Return the whole listing unchanged. Drop the images.

SUPPLIED MATERIAL =>
»»
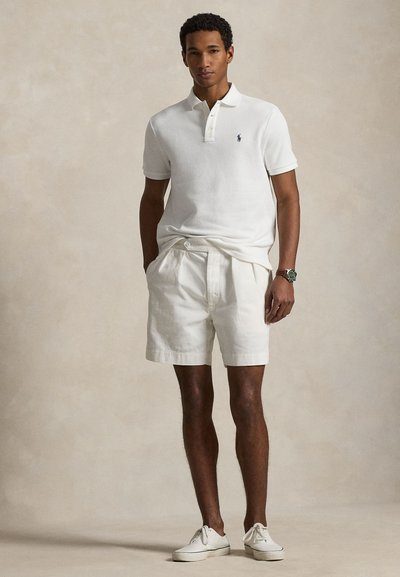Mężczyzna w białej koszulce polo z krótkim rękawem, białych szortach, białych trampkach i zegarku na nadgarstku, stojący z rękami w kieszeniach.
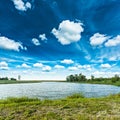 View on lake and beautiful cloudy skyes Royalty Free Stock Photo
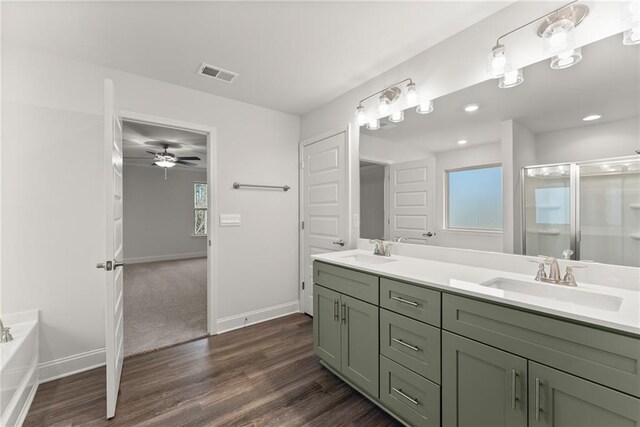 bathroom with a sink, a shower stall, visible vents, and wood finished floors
««
EXERCISE RESPONSE =>
Mężczyzna w białej koszulce polo z krótkim rękawem, białych szortach, białych trampkach i zegarku na nadgarstku, stojący z rękami w kieszeniach.
 View on lake and beautiful cloudy skyes Royalty Free Stock Photo
 bathroom with a sink, a shower stall, visible vents, and wood finished floors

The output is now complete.